NC governor shoots down legislation that would expand E-Verify requirements but exempt more seasonal workers
By Pamela Wolf, J.D.
Last week North Carolina Governor Pat McCrory vetoed legislation that would expand the RECLAIM NC Act’s E-Verify requirements to bar city, county and state government agencies and boards from entering into contracts with contractors unless they are enrolled and participate in E-Verify. It would also change the definition of “employee” to exclude an individual employed for less than nine months in a calendar year.

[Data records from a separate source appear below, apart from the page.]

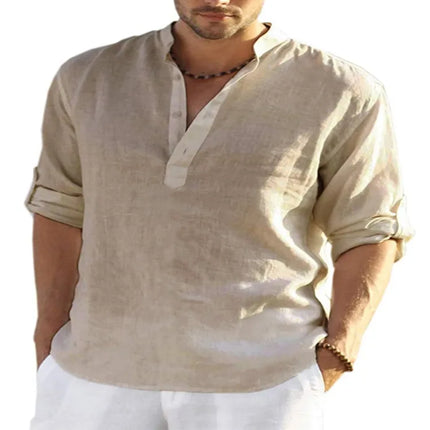 Men's Long Sleeve Cotton Linen Shirt Casual Shirt Oversize Plus Size S-5XL Henley Collar Beach Style Hawaiian Vacation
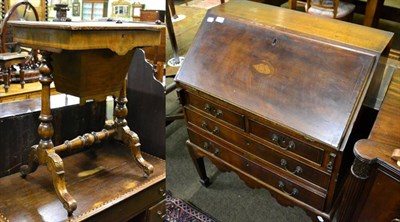 Lot 1513 - Early 20th century mahogany bureau on stand with an attractive fitted interior; and a Victorian...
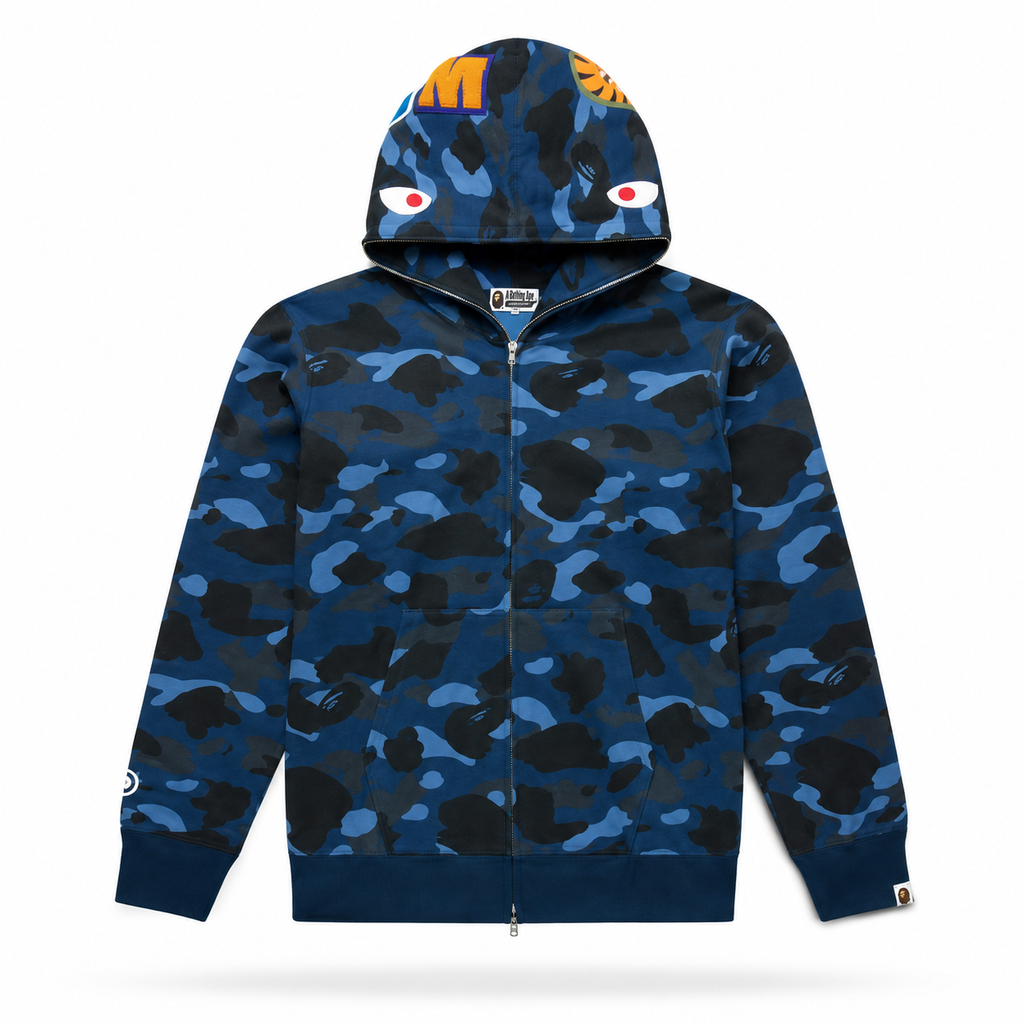 Sudadera BAPE Shark Split Camo Azul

The legislation, HB 786, which had been ratified on July 26, “makes it easier for businesses to circumvent federal immigration law, which could allow more illegal immigrants to be hired in North Carolina industries,” the governor said in a statement. Currently, seasonal workers in North Carolina are given an exemption from E-Verify screening, which is used to determine an employee’s or an applicant’s legal status. HB 786, the governor protested, expands the definition of a seasonal worker from 90 days to nearly nine months.
In his objections and veto message, presumably referring to the expanded definition of a seasonal worker, McCrory said that bill includes “a loophole that would allow businesses to exempt a higher percentage of employees from proving they are legal U.S. citizens or residents.” He also said the legislation “will put our legal residents at a disadvantage in the job market.”